> _Directions_
For this task, extract exactly the lines of the data below, from the line containing "Happy Child Doing" through the last one, with pictures left out.

> _Source information_
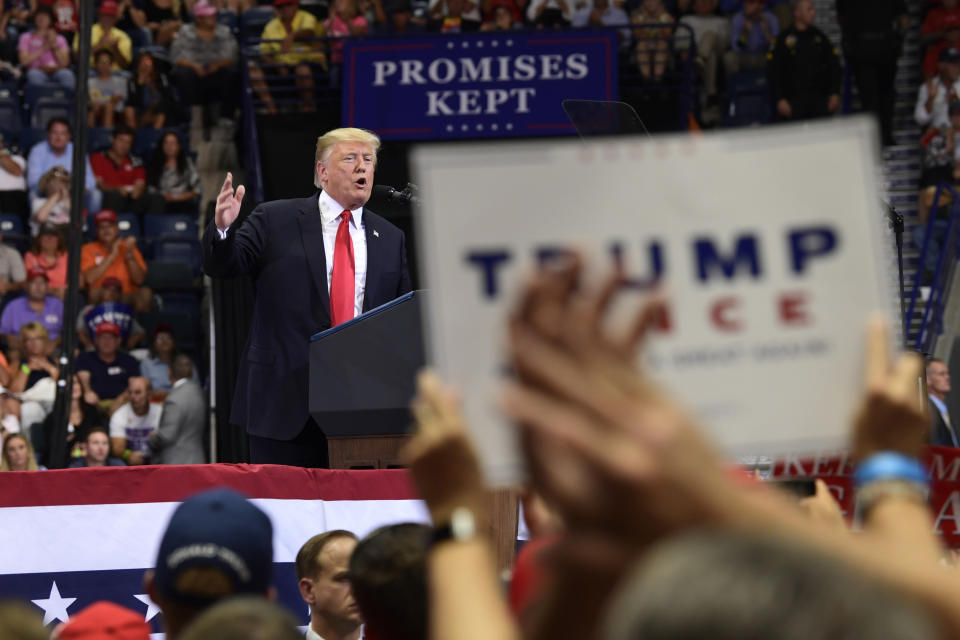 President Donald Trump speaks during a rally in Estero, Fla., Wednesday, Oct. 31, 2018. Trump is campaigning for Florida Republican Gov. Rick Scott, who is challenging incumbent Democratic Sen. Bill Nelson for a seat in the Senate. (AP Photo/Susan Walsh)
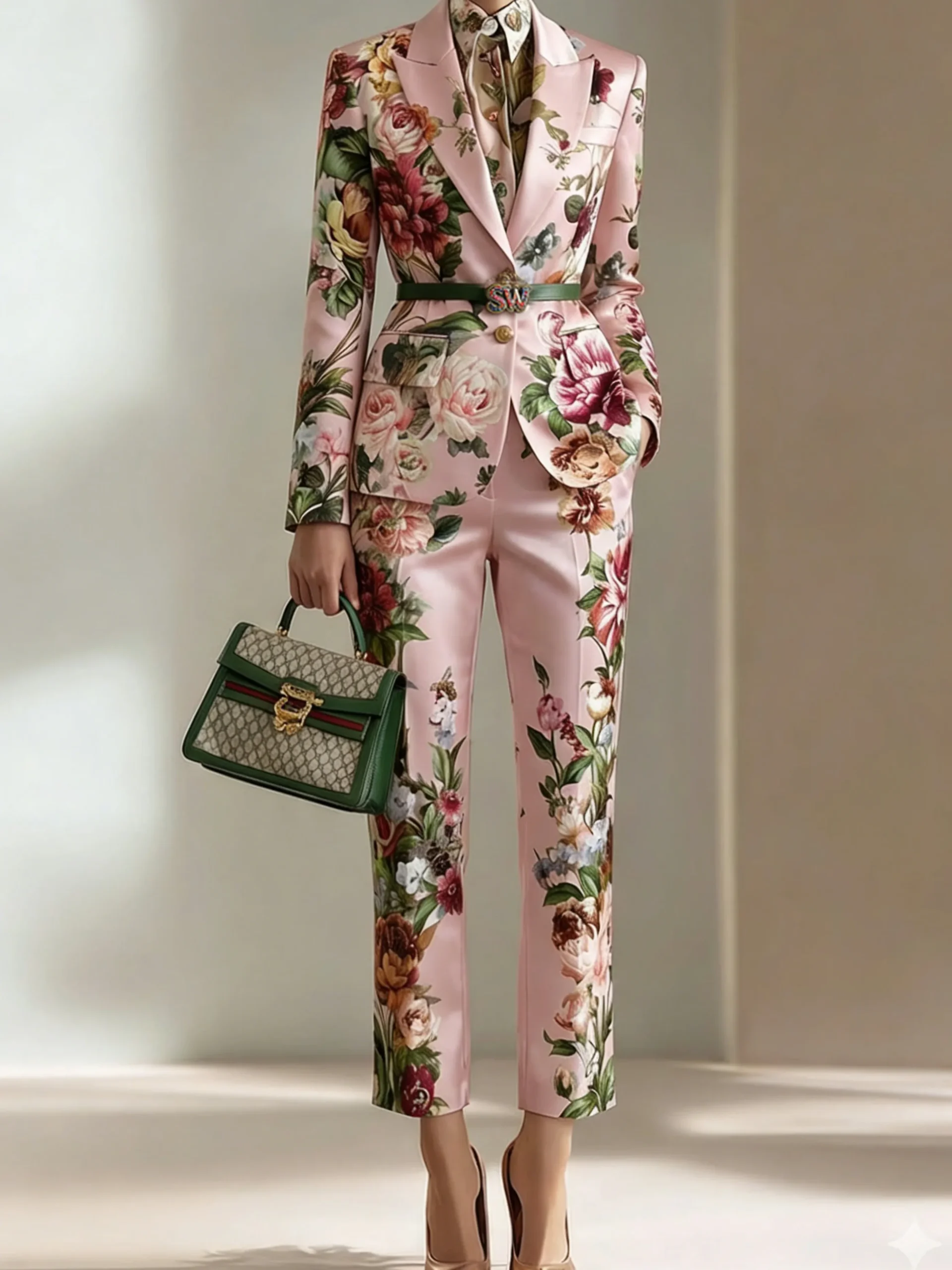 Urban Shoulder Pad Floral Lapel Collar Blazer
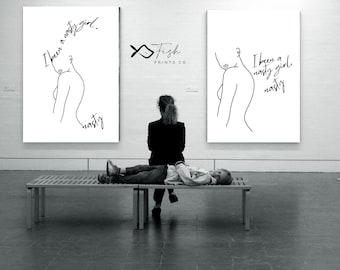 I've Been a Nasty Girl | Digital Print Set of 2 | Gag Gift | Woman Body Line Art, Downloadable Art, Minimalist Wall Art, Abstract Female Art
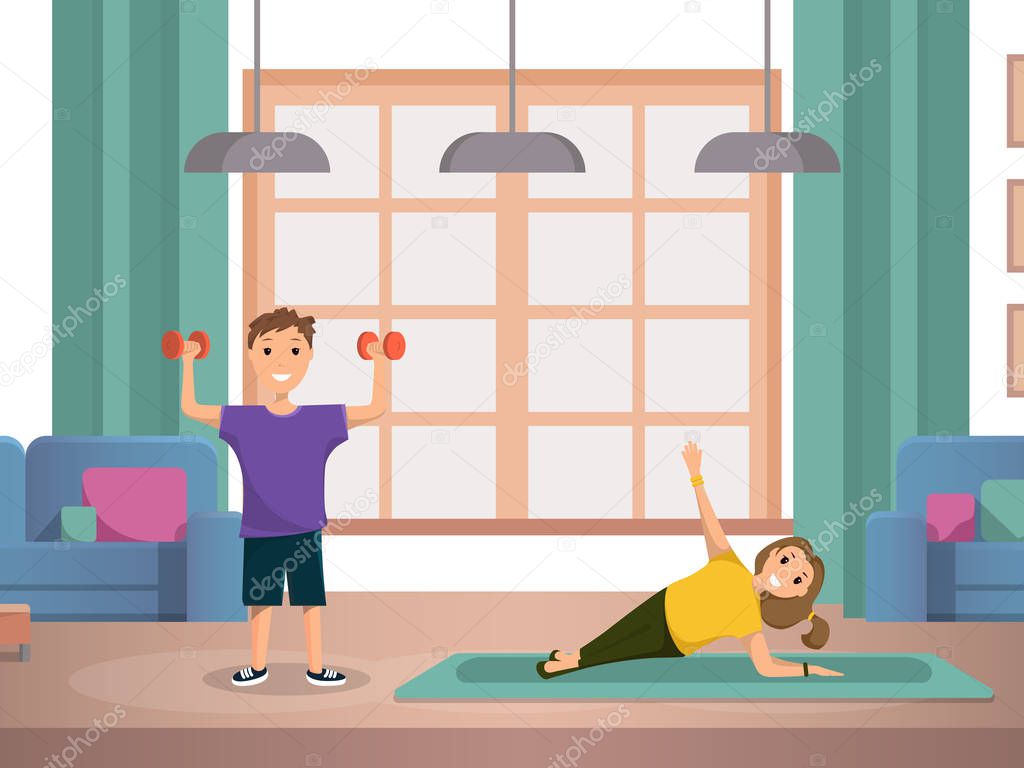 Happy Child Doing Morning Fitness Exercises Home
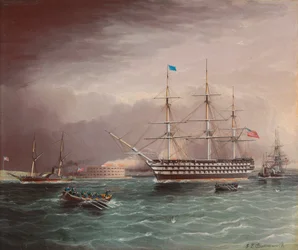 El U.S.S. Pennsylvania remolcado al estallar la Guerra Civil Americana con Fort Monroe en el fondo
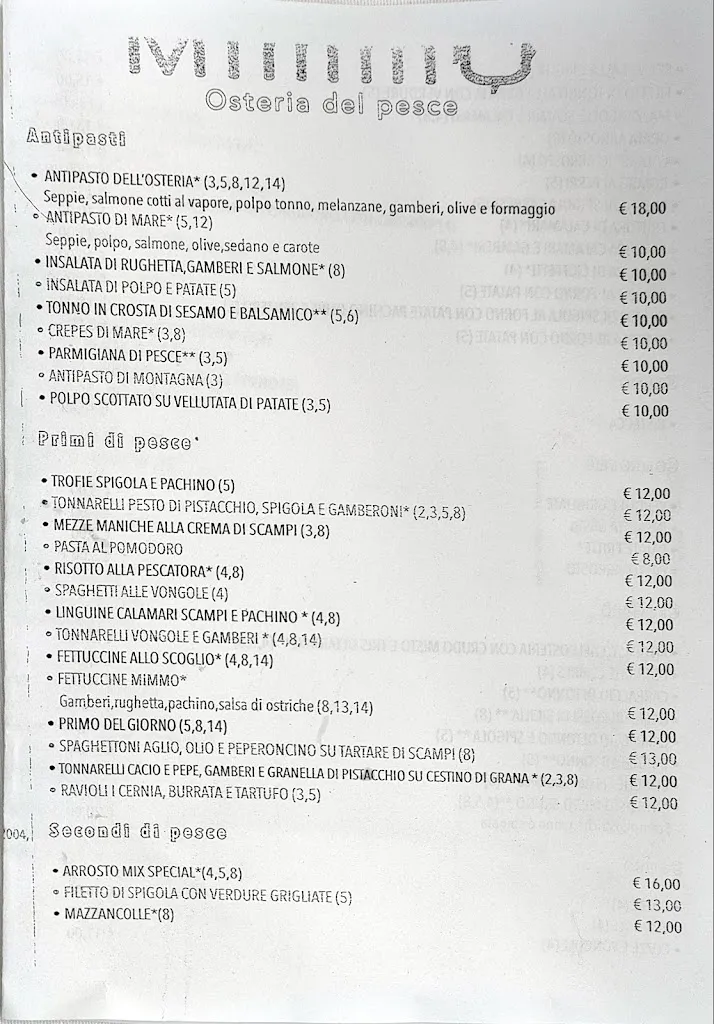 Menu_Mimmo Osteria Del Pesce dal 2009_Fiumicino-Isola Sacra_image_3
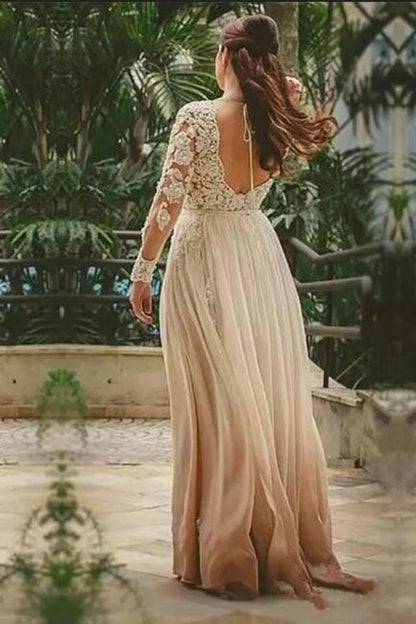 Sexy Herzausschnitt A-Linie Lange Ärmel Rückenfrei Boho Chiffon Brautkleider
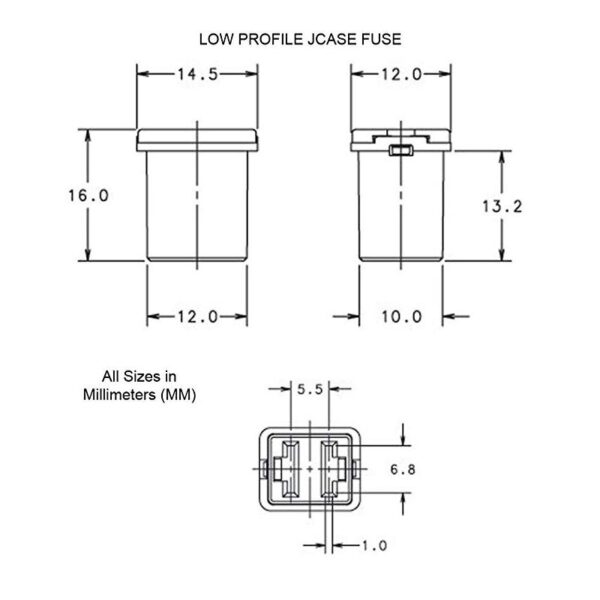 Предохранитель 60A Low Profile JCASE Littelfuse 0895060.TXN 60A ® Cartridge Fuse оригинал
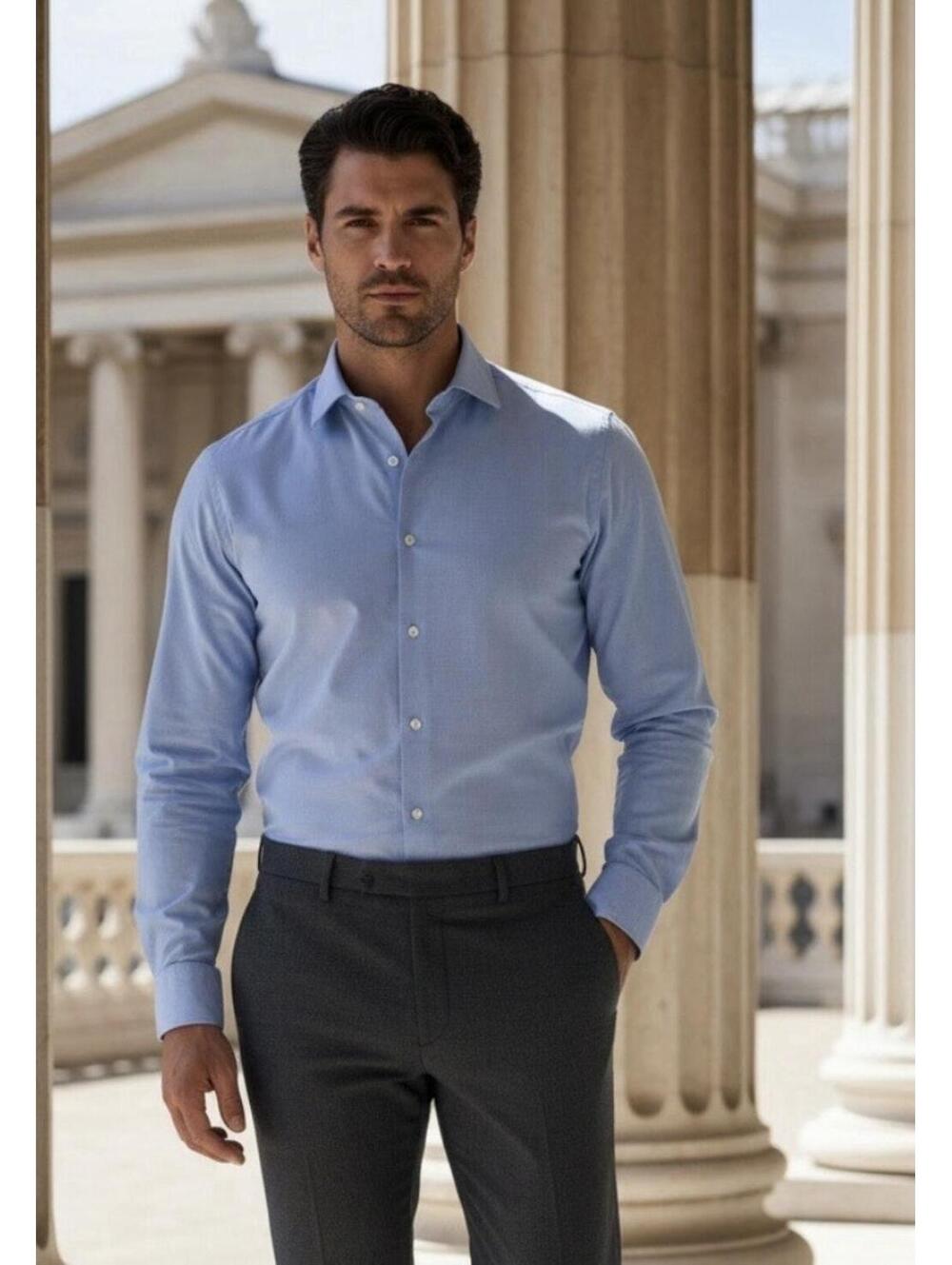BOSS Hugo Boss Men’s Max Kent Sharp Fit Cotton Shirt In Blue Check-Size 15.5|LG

> _Exercise solution_
 Happy Child Doing Morning Fitness Exercises Home
 El U.S.S. Pennsylvania remolcado al estallar la Guerra Civil Americana con Fort Monroe en el fondo
 Menu_Mimmo Osteria Del Pesce dal 2009_Fiumicino-Isola Sacra_image_3
 Sexy Herzausschnitt A-Linie Lange Ärmel Rückenfrei Boho Chiffon Brautkleider
 Предохранитель 60A Low Profile JCASE Littelfuse 0895060.TXN 60A ® Cartridge Fuse оригинал
BOSS Hugo Boss Men’s Max Kent Sharp Fit Cotton Shirt In Blue Check-Size 15.5|LG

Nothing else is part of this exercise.